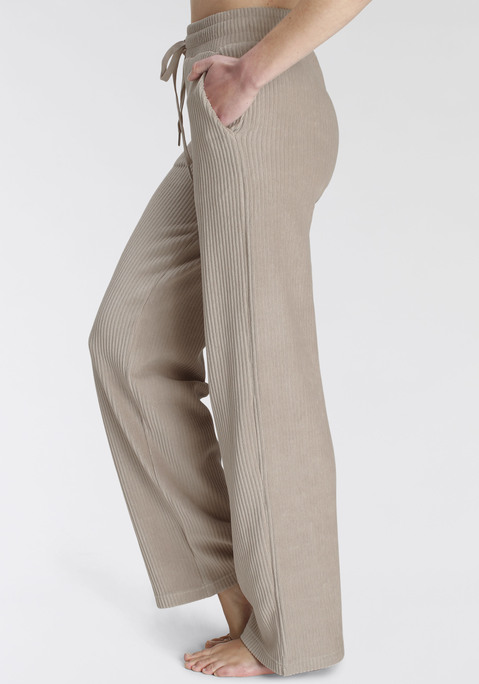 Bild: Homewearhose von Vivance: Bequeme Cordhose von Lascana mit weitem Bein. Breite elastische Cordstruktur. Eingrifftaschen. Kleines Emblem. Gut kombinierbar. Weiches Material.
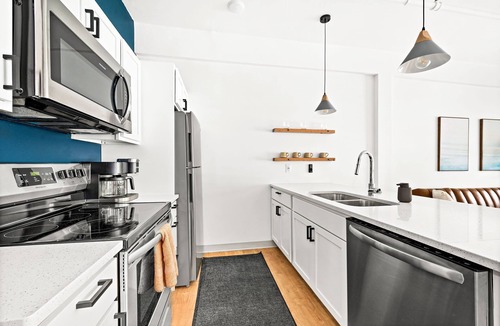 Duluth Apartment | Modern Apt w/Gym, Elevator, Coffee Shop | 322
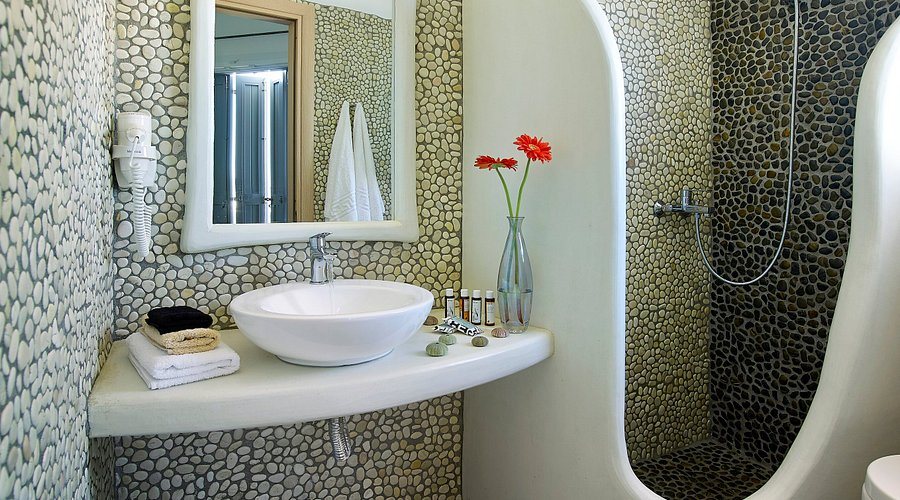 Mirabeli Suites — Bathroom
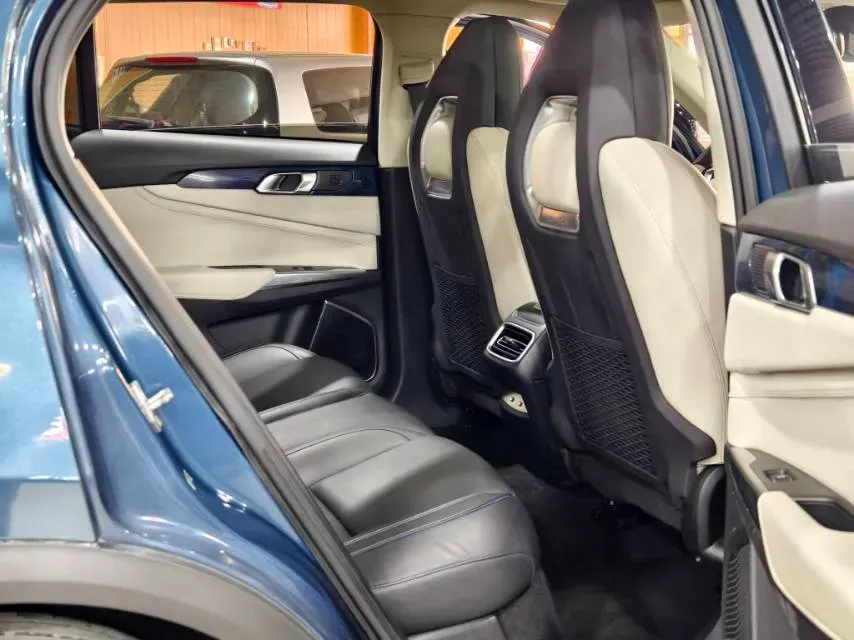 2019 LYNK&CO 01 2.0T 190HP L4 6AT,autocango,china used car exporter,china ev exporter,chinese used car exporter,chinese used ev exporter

--

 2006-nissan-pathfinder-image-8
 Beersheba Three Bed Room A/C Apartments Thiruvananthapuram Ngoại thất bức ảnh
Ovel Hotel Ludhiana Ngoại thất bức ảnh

...

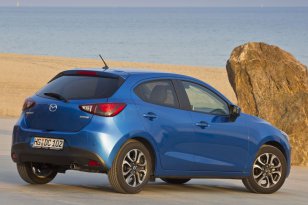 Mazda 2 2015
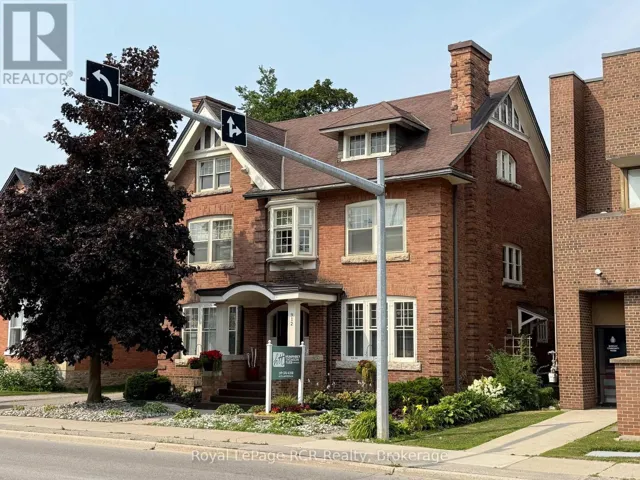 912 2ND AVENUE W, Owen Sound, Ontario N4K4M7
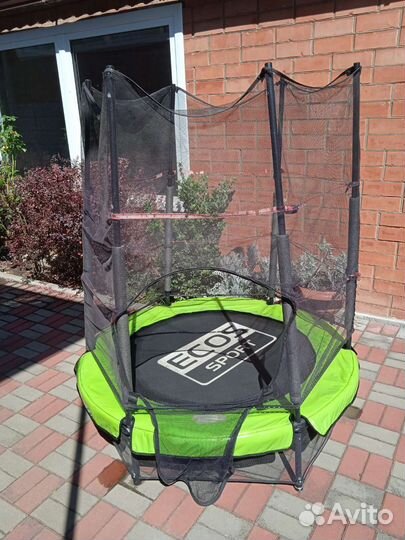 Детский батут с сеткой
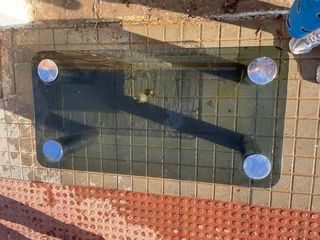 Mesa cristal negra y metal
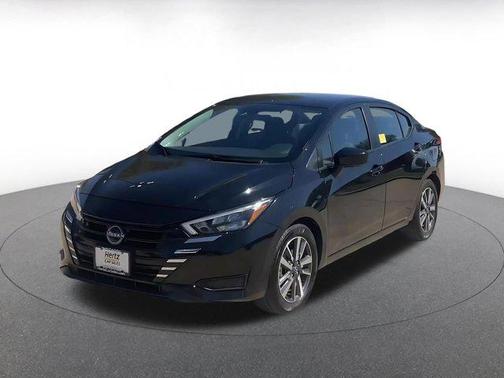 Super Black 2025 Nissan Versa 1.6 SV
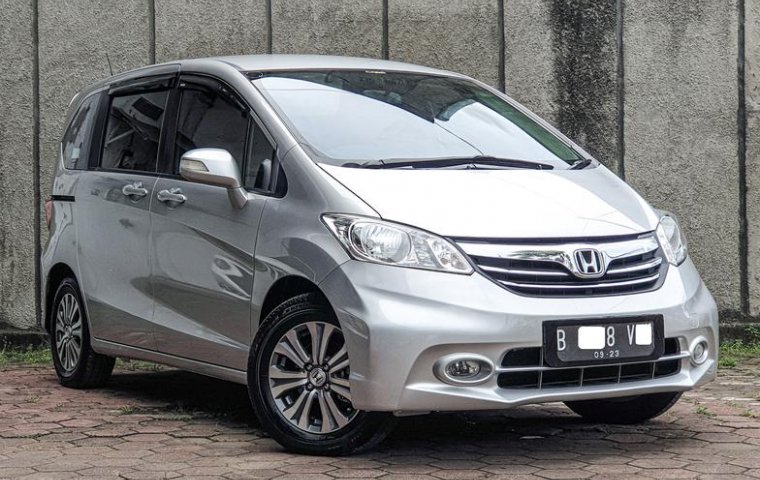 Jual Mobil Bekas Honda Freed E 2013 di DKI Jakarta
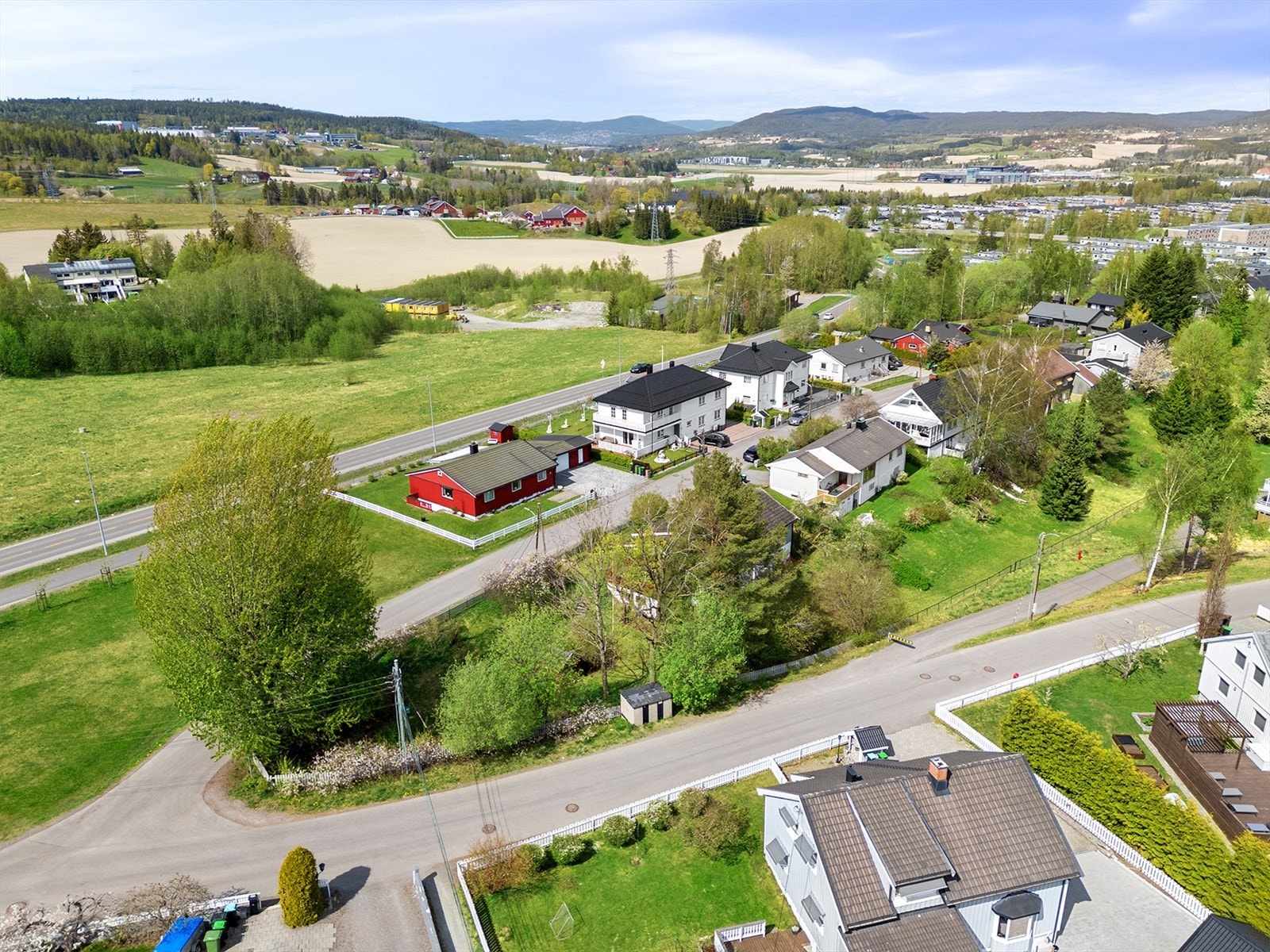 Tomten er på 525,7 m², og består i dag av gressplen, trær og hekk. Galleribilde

### Task directions
For each line above that contains "Ngoại", make a copy.

### Answer space
 Beersheba Three Bed Room A/C Apartments Thiruvananthapuram Ngoại thất bức ảnh
Ovel Hotel Ludhiana Ngoại thất bức ảnh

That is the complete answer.